Just remember that the 401k plan benefits of tax deferral far outweigh any obstacles in regards to the 401k plan rules. Learn about the basics so that you can have confidence when you talk with your employer about your retirement account.
Your Guide To 401k Plan Basics:
401k Plan Options:
A 401k plan can be designed to include any or all of the following:
- Stock mutual funds as an investment choice
- Bond mutual funds as another investment choice
- Cash or money market
- Employer matching
- Self-directed brokerage, which is individual stock purchases
- Employer stock
- Target-date mutual funds
- Life-style mutual funds
- Automatic enrollment capabilities
- Financial educational programs
- Individual financial planning sessions
- Participant call centers
- Internet services
Your employer’s 401k plan administrator should be able to explain in detail which of the above options are built into your company’s 401k plan.
401k Plan Rules:
These rules apply to contributions, withdrawals, loans and rollovers.
401k Contribution Rules:
- The only way you can contribute to your 401k account is through payroll deductions.
- The contribution rules also apply to plan limits, see below.
Withdrawal Rules:
- At age 59 1/2 you can withdraw from your 401k plan without incurring a penalty. You will have to pay taxes on the amount of your withdrawal.
- If you make a withdrawal before 59 1/2, you incur a 10% penalty. You will have to pay taxes on the withdrawal amount.
- If you become disabled or meet the hardship qualifications, you can withdraw before 59 1/2 without incurring the 10% penalty. But you will still have to pay taxes on your withdrawal.
Loan Rules:
- Some 401k plans are designed to allow you to take a loan against your 401k balance.
- Maximum loan percentage is 50% of your vested account balance.
- Maximum loan amount cannot exceed $50,000.
Rollover Rules:
When you leave your employer, you can rollover your balance to your new employers’ 401k plan.
- You can also rollover your balance to an IRA.
- You face less risk of paying taxes and a penalty if you have the money transferred as a direct rollover or trustee-to-trustee transfer.

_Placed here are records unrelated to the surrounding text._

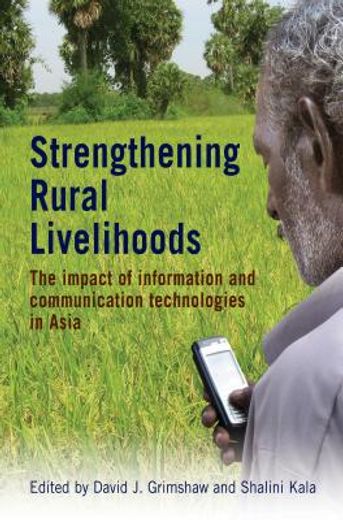 Strengthening Rural Livelihoods: The Impact of Information and Communication Technologies in Asia (en Inglés)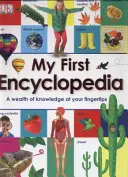 Moja pierwsza encyklopedia - bogactwo wiedzy na wyciągnięcie ręki - My First Encyclopedia - A Wealth of Knowledge at your Fingertips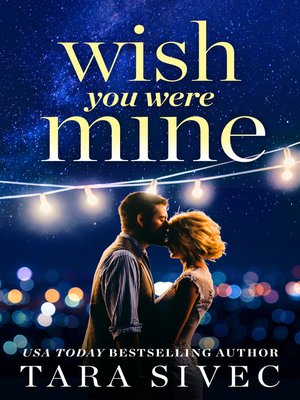 cover image of Wish You Were Mine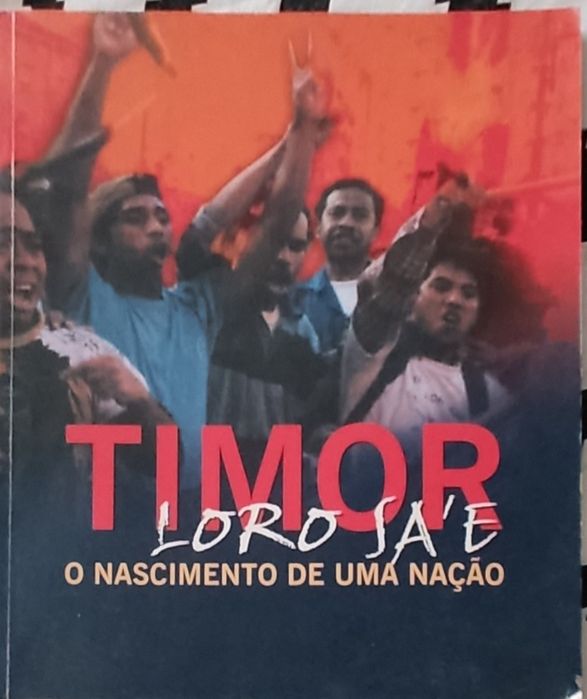 Timor Loro Sae - O nascimento de uma nação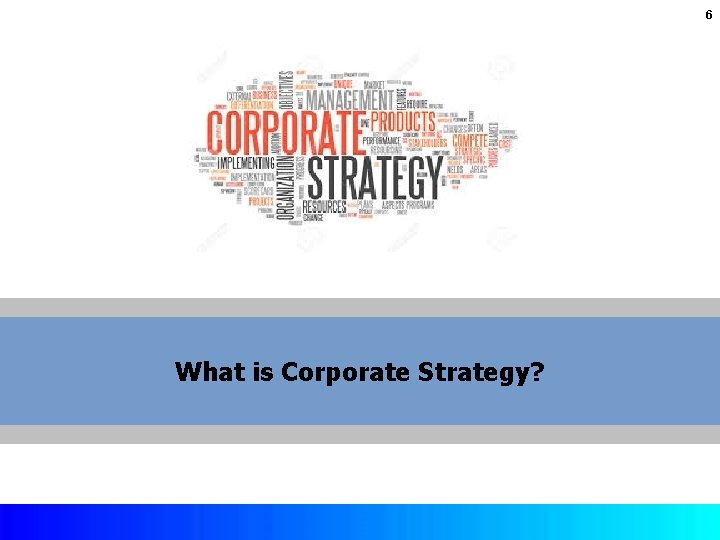 6 What is Corporate Strategy? Copyright © 2017 by Mc. Graw-Hill Education. This is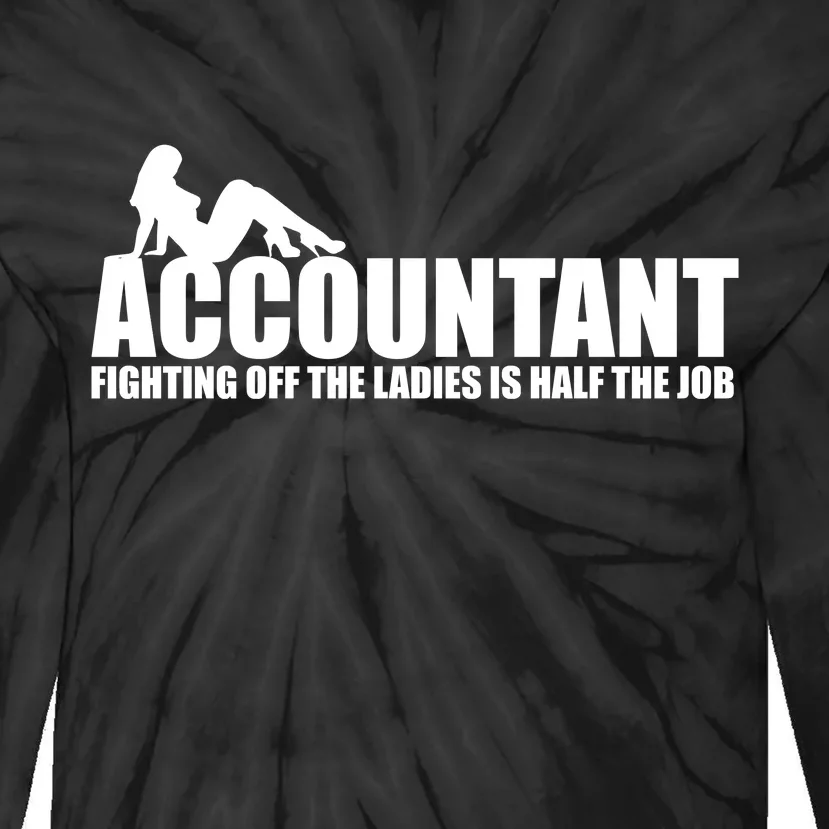 Accountant Fighting Off The Ladies Is Half The Job Tie-Dye Long Sleeve Shirt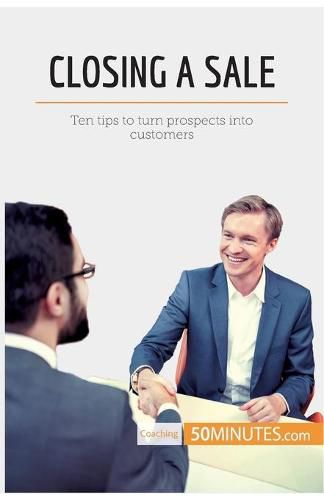 Closing a Sale: Ten tips to turn prospects into customers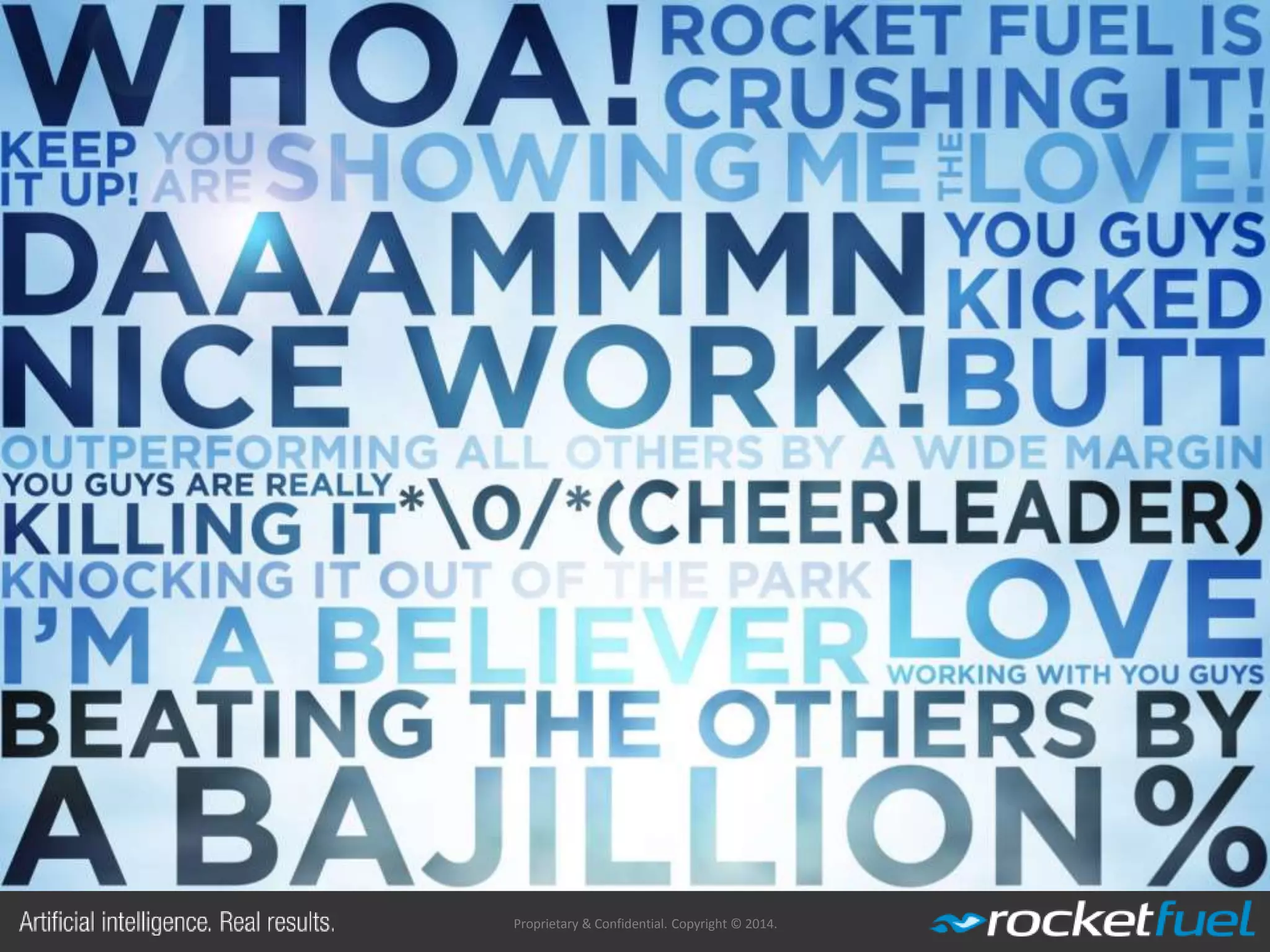 Proprietary & Confidential. Copyright © 2014.
We are hiring! (as always)
http://rocketfuel.com/careers
savin@rocketfuel.com
chandra@rocketfuel.com
 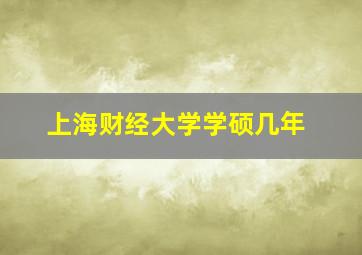 上海财经大学学硕几年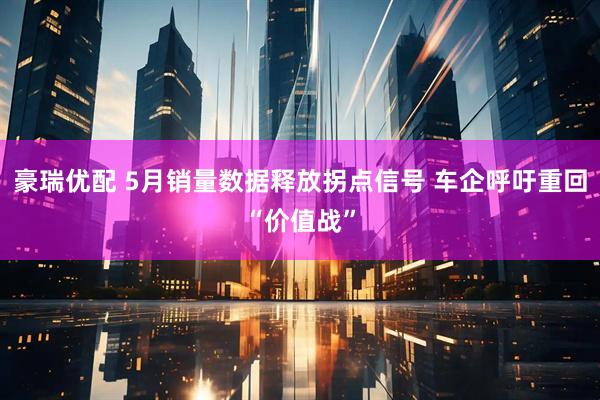 豪瑞优配 5月销量数据释放拐点信号 车企呼吁重回“价值战”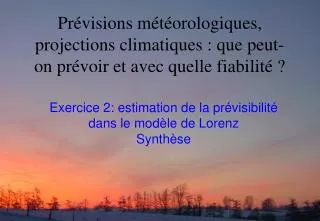 pr visions m t orologiques projections climatiques que peut on pr voir et avec quelle fiabilit
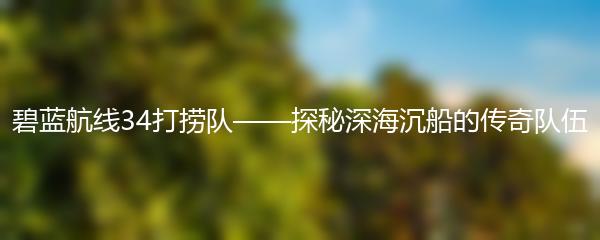 碧蓝航线34打捞队——探秘深海沉船的传奇队伍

This is where your employer works directly with the “institution” receiving your rollover vs you taking possession of the money and making the transfer yourself.
- If you take possession of the money with the intent of depositing it into your new employer’s 401k plan or an IRA, you have 60 days to make that deposit or you pay taxes on the amount plus a 10% penalty if under the age of 59 1/2.
- If you take possession of the money, your employer is required by law to withhold 20% right off the top for taxes.
401k Contribution Limits:
- For 2009 the 401k contribution limits are $16,500. If you are over the age of 50, the 401k plan limits include a catch-up contribution amount of an additional $5,500.
- For 2010, the 401k contribution limits remained the same as 2010.
- The 401k contribution limits for 2011 will remain the same as 2009 and 2010. (see above)
The 401k contribution limits are adjusted by the Department of Labor and the IRS to keep up with inflation. These limits generally change every year, but sometimes they remain the same as the previous year. To be on the safe side, double-check with your tax accountant every year on the new 401k contribution limits.
401k plan rules can be complicated so we attempted to simplify the rules, limits and plan options for you. By learning your basics you will be confident when talking with your own company’s 401k plan administrator.